* EXERCISE REQUIREMENTS
Your copy must start with the line containing "Requirements Blue Quilted" and end with the last line of the entries, matching them exactly and leaving out every picture.

* SUPPLIED INFORMATION

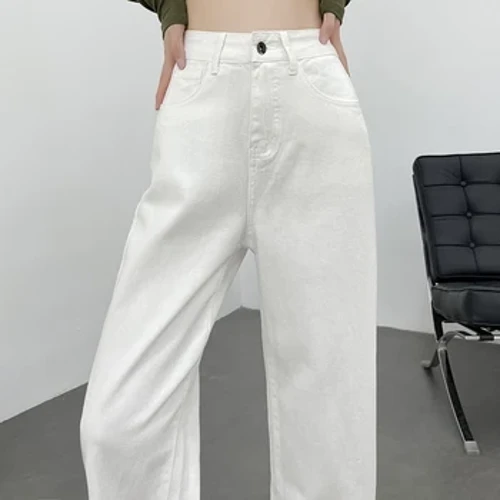 Phụ Nữ Hàn Quốc Denim Jeans Thiết Kế Giặt Rời Cao Cấp Thẳng Hồng Trắng Xanh Dạo Phố Mới Quần Nữ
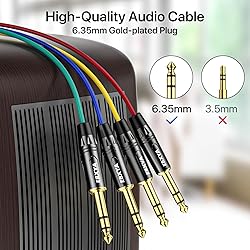 EBXYA 4-Channel 1/4 Inch TRS Snake Cables 3ft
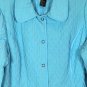 Requirements Blue Quilted Pattern Women's Light Coat Jacket Button Close 2X 024
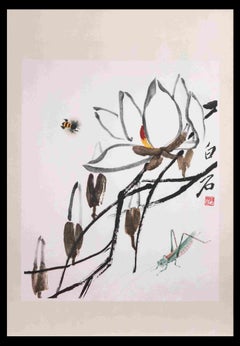 Flores y bichos - Grabado - Principios del siglo XX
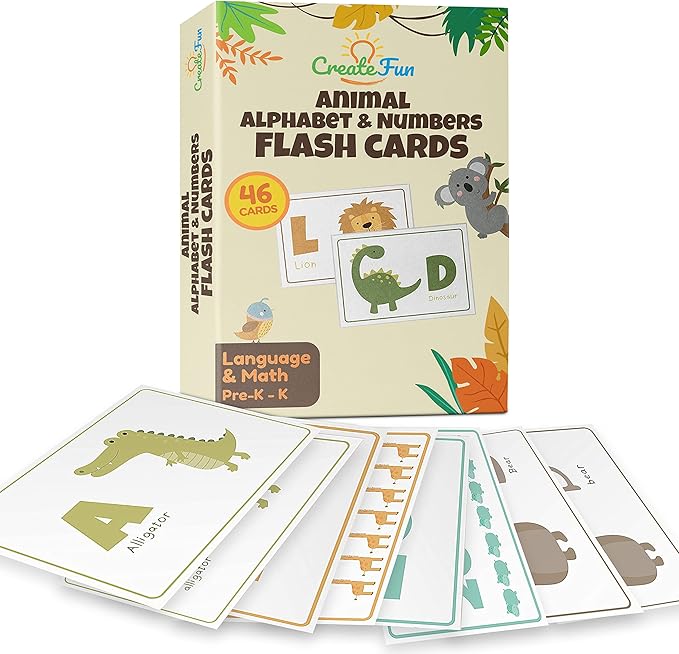 Alphabets and Numbers Animal Flash Cards for Babies, Toddlers, Pre-K, and Kindergarten – Montessori Learning Gift – Uppercase & Lowercase Letters, 123 – 46 Extra Thick Educational Cards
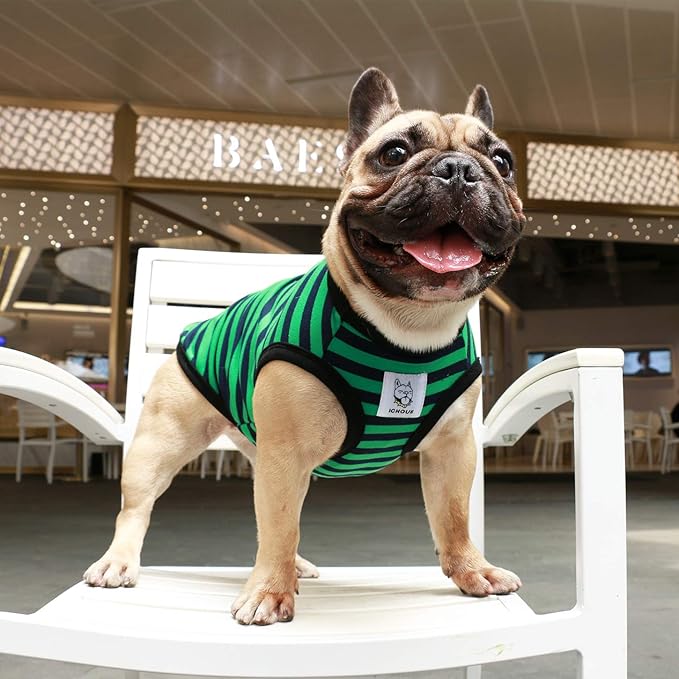iChoue French Bulldog 100% Breathable Cotton Striped T Shirts Halloween Vest Clothes for Medium Dogs Tank Tops Frenchie Pug English Boston Terrier Pitbull Green Black Stripes - Large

* ANSWER SPACE
 Requirements Blue Quilted Pattern Women's Light Coat Jacket Button Close 2X 024
 Flores y bichos - Grabado - Principios del siglo XX
 Alphabets and Numbers Animal Flash Cards for Babies, Toddlers, Pre-K, and Kindergarten – Montessori Learning Gift – Uppercase & Lowercase Letters, 123 – 46 Extra Thick Educational Cards
iChoue French Bulldog 100% Breathable Cotton Striped T Shirts Halloween Vest Clothes for Medium Dogs Tank Tops Frenchie Pug English Boston Terrier Pitbull Green Black Stripes - Large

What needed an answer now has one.